Robin Pegg, MEd, COTA/L, ATP, Education Consultant

As the Education Consultant for the WSA, I have the opportunity to support many families as they navigate the special education system. Usually, this is exciting as I get to meet teachers and teams and help them understand how to teach their students with Williams syndrome (WS). Usually, this is the case. But, last week was hard. Last week, I spoke with several families whose kiddos weren’t reading or had made very limited progress over the last several years. Hearing this was disheartening. We know what works for reading instruction. We have numerous published resources. Thanks to Carolyn Mervis and many other researchers, we have research that proves that it works. There is even a research project focused on literacy. Why do we still have kids who aren’t reading? 

Part of the problem is data. We need to keep track of when the progress slows or stops and then intervene. Many children with WS will begin their literacy trajectory pretty close to grade level. With systematic phonics instruction, most kids with WS will demonstrate strong decoding skills and with intentional work, these same kids can demonstrate solid comprehension skills. So what happens?  Why does the progress of some kiddos stagnate? Why does the progress stop? The answer is instructional strategies.

Kids with Williams syndrome need systematic phonics instruction which includes work in phoneme manipulation (Kozel et al., 2021). In other words, they need practice in learning the letter sounds and then being able to use and manipulate them with letter tiles or other manipulatives. Kids need to read books to others, have books read to them, and read to themselves. Reading makes readers!

As parents of school-age children with Williams syndrome, you CAN and SHOULD monitor your son or daughter’s progress. Keep track of the data that you are provided in progress reports and at annual meetings and use this information to help monitor the rate of progress. When you see progress slowing down or stopping, or the gap begins to widen, that is when you should ask questions and request further interventions.

How can you do this? 

  • Keep track of the grade level or Lexile level listed in your child’s paperwork. If your paperwork does not have a grade level or its equivalent, ask for this information.  You can also use charts like this one to help you understand the information you are given. CLICK HERE FOR CHART
  • Track this data in a chart or spreadsheet.  You should see increased skills every year.  You may not see a full year’s growth each school year, but you should see improvement.

If you start to notice the progress slowing, intervene immediately. “Wait and see” is not an acceptable option.  Instruction should be intensified by increasing time or changing the methodology.

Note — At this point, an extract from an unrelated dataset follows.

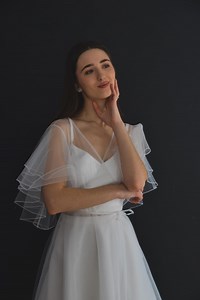 Wedding Tulle Wrap Overdress for Wedding Day Elegance - Etsy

It could be that your child needs a reading specialist to work with them or at the very least, the reading specialist can consult with your child’s team to provide additional instructional strategies for them to use to improve the rate of progress. Implement a strategy, trial it with fidelity for six to eight weeks, take data and then meet and analyze the progress. If progress is being made, great!  Keep going. If there is no improvement, meet and implement another strategy. Continue the cycles of six to eight-week trials.

Whatever happens, keep looking for solutions.  No progress leads to kids who don’t read.  Not reading leads to being illiterate and living a life dependent on others for information for everything.  As Albert Einstein once said, “The definition of insanity is doing the same thing over and over and expecting different results.”

This infographic provides great information on literacy instruction for students with Williams syndrome.

For more resources on reading and literacy instruction: check out the education page of the WSA website.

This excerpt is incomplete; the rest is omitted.